X
Business

Do you have what it takes to be a 'Windows guru'?

Can you "take the fear and complexity out of technology and make it easy and enjoyable"? "Answer questions and offer solutions to retail customers that surpass their expectations"? And are you willing to work for $20 an hour, full-time, including weekends?
Written by Mary Jo Foley, Senior Contributing Editor

Can you "take the fear and complexity out of technology and make it easy and enjoyable"? "Answer questions and offer solutions to retail customers that surpass their expectations"? And are you willing to work for $20 an hour, full-time, including weekends?

If so, you might be just the kind of person Microsoft is looking to hire as one of its Windows gurus.

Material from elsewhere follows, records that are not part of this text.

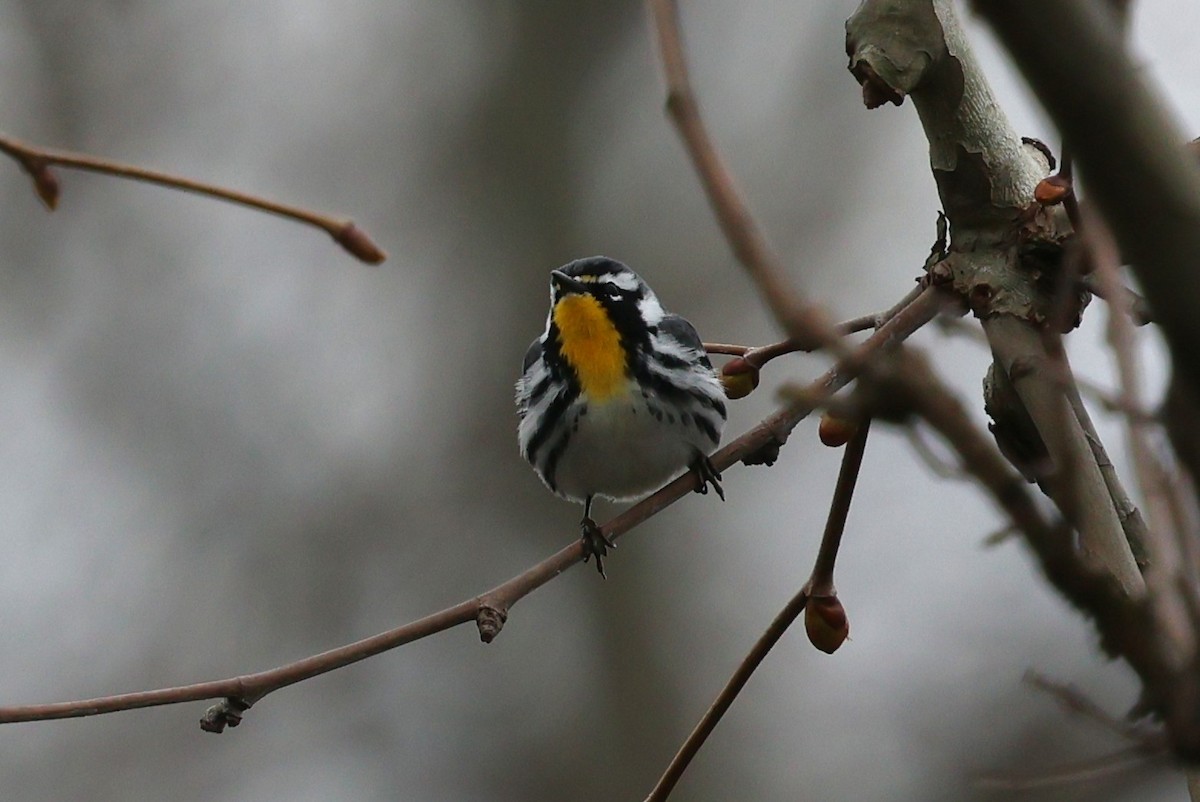 Yellow-throated Warbler - ML633174743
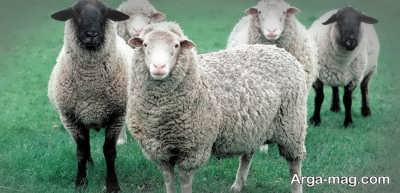 تفاوت شیر گوسفند با شیر گاو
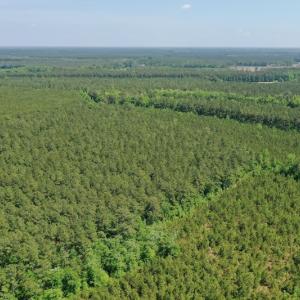 Photo #16 of 315 West Sycamore Street, Aulander, NC 40.0 acres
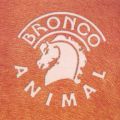 Ao - Animal / Bronco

Last week, Microsoft kicked off its $300 million marketing campaign aimed at improving the image of Windows in the retail market. Some of those millions will be spent on a new ad campaign, the first installment of which aired last week. But Microsoft also is dedicating some of the $300 million pie to bringing on 155 or so "Windows gurus," whose jobs will be to evangelize Windows technologies inside Best Buy , Circuit City and other retail outlets.

Microsoft is looking to place its first wave of gurus in major cities on both coasts, as well as some smaller, suburban-mall-heavy venues (Framingham, Mass., Paramus, N.J., Tacoma, Wash., etc.) in between. (Microsoft blogger Sean Earp ran a list of the cities where Microsoft is looking to add gurus -- plus the full guru job description.)

The Windows gurus will be "full-time, blue-badge positions" who won't be on commission, a Microsoft official said last week. When it announced its intention to hire these new "personal shoppers," Microsoft had 2,000 applicants in five days, officials added.

Microsoft is aware that 155 evangelists is a drop in the bucket when it comes to improving the company's retail image, and is planning to add more gurus to its ranks before and after this holiday season, officials said.

Perhaps Microsoft should allocate some of its marketing millions to paying PC makers to take their crapware off new PCs, too... Or maybe the Windows gurus can get into the crapware-uninstall business themselves.

Do you think these new gurus will help Microsoft improve the perception of Windows Vista, Windows Mobile and Windows Live among retail customers?